* **Prompt**
The only acceptable output is every entry, printed exactly.

* **Available data**
|---|

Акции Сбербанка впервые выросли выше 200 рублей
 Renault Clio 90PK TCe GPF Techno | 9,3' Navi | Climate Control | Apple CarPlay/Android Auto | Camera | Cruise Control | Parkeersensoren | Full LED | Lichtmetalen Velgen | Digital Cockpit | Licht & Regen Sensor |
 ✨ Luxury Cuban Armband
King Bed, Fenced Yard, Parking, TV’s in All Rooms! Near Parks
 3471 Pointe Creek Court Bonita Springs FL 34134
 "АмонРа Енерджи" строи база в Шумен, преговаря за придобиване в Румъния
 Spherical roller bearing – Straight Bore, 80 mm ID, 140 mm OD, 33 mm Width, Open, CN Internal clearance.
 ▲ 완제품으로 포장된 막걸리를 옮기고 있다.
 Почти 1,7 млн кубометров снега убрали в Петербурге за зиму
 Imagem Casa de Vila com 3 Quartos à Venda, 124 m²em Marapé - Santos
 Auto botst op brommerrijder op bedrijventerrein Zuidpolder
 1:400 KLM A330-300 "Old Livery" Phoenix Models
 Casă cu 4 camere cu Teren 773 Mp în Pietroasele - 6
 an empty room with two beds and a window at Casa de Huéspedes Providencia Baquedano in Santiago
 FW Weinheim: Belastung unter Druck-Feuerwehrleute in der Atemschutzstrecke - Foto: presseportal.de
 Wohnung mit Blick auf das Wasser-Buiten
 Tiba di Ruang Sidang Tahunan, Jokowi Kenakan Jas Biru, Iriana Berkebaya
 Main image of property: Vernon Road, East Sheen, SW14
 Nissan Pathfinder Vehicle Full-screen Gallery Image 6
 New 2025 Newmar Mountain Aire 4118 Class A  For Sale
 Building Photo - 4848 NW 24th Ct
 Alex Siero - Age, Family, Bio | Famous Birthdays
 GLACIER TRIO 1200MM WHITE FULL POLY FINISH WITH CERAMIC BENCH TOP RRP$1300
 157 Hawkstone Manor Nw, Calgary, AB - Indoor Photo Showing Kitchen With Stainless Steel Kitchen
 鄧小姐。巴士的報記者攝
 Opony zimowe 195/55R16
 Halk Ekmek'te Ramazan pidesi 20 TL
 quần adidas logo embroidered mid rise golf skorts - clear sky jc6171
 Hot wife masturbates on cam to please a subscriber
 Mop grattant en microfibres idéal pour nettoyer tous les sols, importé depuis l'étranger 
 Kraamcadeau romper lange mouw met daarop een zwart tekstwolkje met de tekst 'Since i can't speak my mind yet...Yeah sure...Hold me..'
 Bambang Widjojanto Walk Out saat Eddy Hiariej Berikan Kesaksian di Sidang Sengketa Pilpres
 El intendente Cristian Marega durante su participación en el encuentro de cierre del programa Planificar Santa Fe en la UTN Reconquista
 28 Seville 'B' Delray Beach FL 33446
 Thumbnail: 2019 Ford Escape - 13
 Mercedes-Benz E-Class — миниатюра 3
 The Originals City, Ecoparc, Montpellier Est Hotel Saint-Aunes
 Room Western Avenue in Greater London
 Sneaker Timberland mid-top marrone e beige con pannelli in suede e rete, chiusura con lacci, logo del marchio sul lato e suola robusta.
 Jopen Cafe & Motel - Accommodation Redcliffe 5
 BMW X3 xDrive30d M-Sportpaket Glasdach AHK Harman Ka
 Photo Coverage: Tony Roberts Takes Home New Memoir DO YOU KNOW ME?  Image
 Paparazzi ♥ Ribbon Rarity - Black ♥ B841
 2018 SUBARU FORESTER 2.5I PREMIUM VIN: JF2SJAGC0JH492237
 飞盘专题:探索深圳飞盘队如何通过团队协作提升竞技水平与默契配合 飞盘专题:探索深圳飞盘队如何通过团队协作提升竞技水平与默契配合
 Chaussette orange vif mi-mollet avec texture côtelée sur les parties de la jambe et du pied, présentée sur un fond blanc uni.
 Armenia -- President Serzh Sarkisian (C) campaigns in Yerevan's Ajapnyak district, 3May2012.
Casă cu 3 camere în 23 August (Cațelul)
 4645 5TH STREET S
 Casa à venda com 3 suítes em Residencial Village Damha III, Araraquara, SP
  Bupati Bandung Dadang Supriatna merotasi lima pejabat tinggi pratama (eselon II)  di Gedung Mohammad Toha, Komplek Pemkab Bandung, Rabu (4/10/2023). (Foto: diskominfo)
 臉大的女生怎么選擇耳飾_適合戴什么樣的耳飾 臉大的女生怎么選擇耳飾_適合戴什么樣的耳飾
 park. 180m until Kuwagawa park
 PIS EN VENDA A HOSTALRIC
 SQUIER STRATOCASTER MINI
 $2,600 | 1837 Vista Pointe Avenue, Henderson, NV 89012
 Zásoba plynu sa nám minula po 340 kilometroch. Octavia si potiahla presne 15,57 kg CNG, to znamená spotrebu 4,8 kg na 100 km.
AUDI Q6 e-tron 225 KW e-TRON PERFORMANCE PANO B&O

|---|

* **Answer box**
Акции Сбербанка впервые выросли выше 200 рублей
 Renault Clio 90PK TCe GPF Techno | 9,3' Navi | Climate Control | Apple CarPlay/Android Auto | Camera | Cruise Control | Parkeersensoren | Full LED | Lichtmetalen Velgen | Digital Cockpit | Licht & Regen Sensor |
 ✨ Luxury Cuban Armband
King Bed, Fenced Yard, Parking, TV’s in All Rooms! Near Parks
 3471 Pointe Creek Court Bonita Springs FL 34134
 "АмонРа Енерджи" строи база в Шумен, преговаря за придобиване в Румъния
 Spherical roller bearing – Straight Bore, 80 mm ID, 140 mm OD, 33 mm Width, Open, CN Internal clearance.
 ▲ 완제품으로 포장된 막걸리를 옮기고 있다.
 Почти 1,7 млн кубометров снега убрали в Петербурге за зиму
 Imagem Casa de Vila com 3 Quartos à Venda, 124 m²em Marapé - Santos
 Auto botst op brommerrijder op bedrijventerrein Zuidpolder
 1:400 KLM A330-300 "Old Livery" Phoenix Models
 Casă cu 4 camere cu Teren 773 Mp în Pietroasele - 6
 an empty room with two beds and a window at Casa de Huéspedes Providencia Baquedano in Santiago
 FW Weinheim: Belastung unter Druck-Feuerwehrleute in der Atemschutzstrecke - Foto: presseportal.de
 Wohnung mit Blick auf das Wasser-Buiten
 Tiba di Ruang Sidang Tahunan, Jokowi Kenakan Jas Biru, Iriana Berkebaya
 Main image of property: Vernon Road, East Sheen, SW14
 Nissan Pathfinder Vehicle Full-screen Gallery Image 6
 New 2025 Newmar Mountain Aire 4118 Class A  For Sale
 Building Photo - 4848 NW 24th Ct
 Alex Siero - Age, Family, Bio | Famous Birthdays
 GLACIER TRIO 1200MM WHITE FULL POLY FINISH WITH CERAMIC BENCH TOP RRP$1300
 157 Hawkstone Manor Nw, Calgary, AB - Indoor Photo Showing Kitchen With Stainless Steel Kitchen
 鄧小姐。巴士的報記者攝
 Opony zimowe 195/55R16
 Halk Ekmek'te Ramazan pidesi 20 TL
 quần adidas logo embroidered mid rise golf skorts - clear sky jc6171
 Hot wife masturbates on cam to please a subscriber
 Mop grattant en microfibres idéal pour nettoyer tous les sols, importé depuis l'étranger 
 Kraamcadeau romper lange mouw met daarop een zwart tekstwolkje met de tekst 'Since i can't speak my mind yet...Yeah sure...Hold me..'
 Bambang Widjojanto Walk Out saat Eddy Hiariej Berikan Kesaksian di Sidang Sengketa Pilpres
 El intendente Cristian Marega durante su participación en el encuentro de cierre del programa Planificar Santa Fe en la UTN Reconquista
 28 Seville 'B' Delray Beach FL 33446
 Thumbnail: 2019 Ford Escape - 13
 Mercedes-Benz E-Class — миниатюра 3
 The Originals City, Ecoparc, Montpellier Est Hotel Saint-Aunes
 Room Western Avenue in Greater London
 Sneaker Timberland mid-top marrone e beige con pannelli in suede e rete, chiusura con lacci, logo del marchio sul lato e suola robusta.
 Jopen Cafe & Motel - Accommodation Redcliffe 5
 BMW X3 xDrive30d M-Sportpaket Glasdach AHK Harman Ka
 Photo Coverage: Tony Roberts Takes Home New Memoir DO YOU KNOW ME?  Image
 Paparazzi ♥ Ribbon Rarity - Black ♥ B841
 2018 SUBARU FORESTER 2.5I PREMIUM VIN: JF2SJAGC0JH492237
 飞盘专题:探索深圳飞盘队如何通过团队协作提升竞技水平与默契配合 飞盘专题:探索深圳飞盘队如何通过团队协作提升竞技水平与默契配合
 Chaussette orange vif mi-mollet avec texture côtelée sur les parties de la jambe et du pied, présentée sur un fond blanc uni.
 Armenia -- President Serzh Sarkisian (C) campaigns in Yerevan's Ajapnyak district, 3May2012.
Casă cu 3 camere în 23 August (Cațelul)
 4645 5TH STREET S
 Casa à venda com 3 suítes em Residencial Village Damha III, Araraquara, SP
  Bupati Bandung Dadang Supriatna merotasi lima pejabat tinggi pratama (eselon II)  di Gedung Mohammad Toha, Komplek Pemkab Bandung, Rabu (4/10/2023). (Foto: diskominfo)
 臉大的女生怎么選擇耳飾_適合戴什么樣的耳飾 臉大的女生怎么選擇耳飾_適合戴什么樣的耳飾
 park. 180m until Kuwagawa park
 PIS EN VENDA A HOSTALRIC
 SQUIER STRATOCASTER MINI
 $2,600 | 1837 Vista Pointe Avenue, Henderson, NV 89012
 Zásoba plynu sa nám minula po 340 kilometroch. Octavia si potiahla presne 15,57 kg CNG, to znamená spotrebu 4,8 kg na 100 km.
AUDI Q6 e-tron 225 KW e-TRON PERFORMANCE PANO B&O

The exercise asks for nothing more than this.